Nos yeux et notre esprit en tout cas s’y abandonnent. On entre en pérégrination avec ces êtres. On veut les suivre et savoir ce qui les attend au-delà des horizons et des voiles de brume qui les entourent, savoir s’ils trouveront le passage. Mais quel passage, pour quelle issue ?
Sensation d’une étrange familiarité avec eux.
Reconnaissance d’une étrange et terrible beauté.
L’œuvre happe le regard.
Ainsi, devant chaque tableau, on éprouve un trouble qui nous interroge sur la place que notre réalité nous propose d’occuper, dans une conscience collective devenue amnésique, où l’instantanéité prédomine et rend nos prisons invisibles.
Dans l’œuvre de Sylvie Coupé-Thouron, tout est lenteur, tout est immense. Afin de s’en approcher, de laisser naître les réminiscences qu’un tel univers occasionne en nous, le lâcher prise est nécessaire.
La patience du regard est précieuse. Le tête-à-tête est silencieux, le dialogue amoureux.
Vertige de se perdre dans son intranquillité, d’y entendre un respir, la respiration d’un chant ténu mais profond, embarqués que nous sommes par l’ambitus de ses tons.
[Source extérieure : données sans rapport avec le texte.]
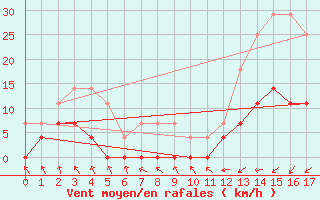 Courbe de la force du vent pour Sao Gabriel Do Oeste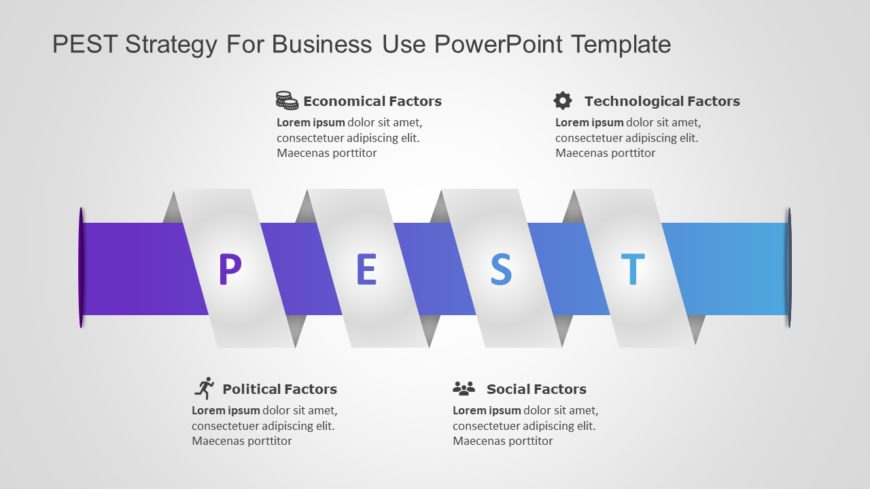 PEST Strategy for business use -11i PowerPoint Template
Alors, entendant ce souffle, en découvrant les chemins qu’il emprunte, en le percevant tel un chant, comme une sorte de mélopée de l’invisible, de l’indicible, en prenant le temps d’accepter son amplitude, on voit petit à petit les corps se redessiner, plus nettement lumineux. Les insituables reliefs du réel prennent soudain moins de place.
L’intériorité retrouve la sienne.
Le voilà le lieu possible de l’histoire.
C’est le corps que la parole du rêve conduit.
Voilà l’endroit où (pour moi) la peinture de cette artiste existe vraiment et nous guide. Non vers l’illustration d’une écriture hermétique et tragique, mais au sein d’une œuvre à la fois forte et subtile, claire et complexe où s’articulent retrait et dissémination, une œuvre hantée par les ombres portées d’un langage rendu muet à force de marcher dans sa nuit d’itérations.
Je crois que c’est l’éclat de la « matière » qui transporte finalement les silhouettes vers le visible, elles-mêmes portant sa lumière. Je crois encore que si les contours du dernier visage devaient totalement s’effacer derrière les vitres du vide, il en resterait encore, sous le regard de Sylvie Coupé Thouron, l’éclat d’une information.
Pas d’Achéron, pas l’ombre d’un nocher, pas de fil d’Ariane non plus.
Pour moi, cette peinture rejoint les plus belles lisibles et illisibles traces.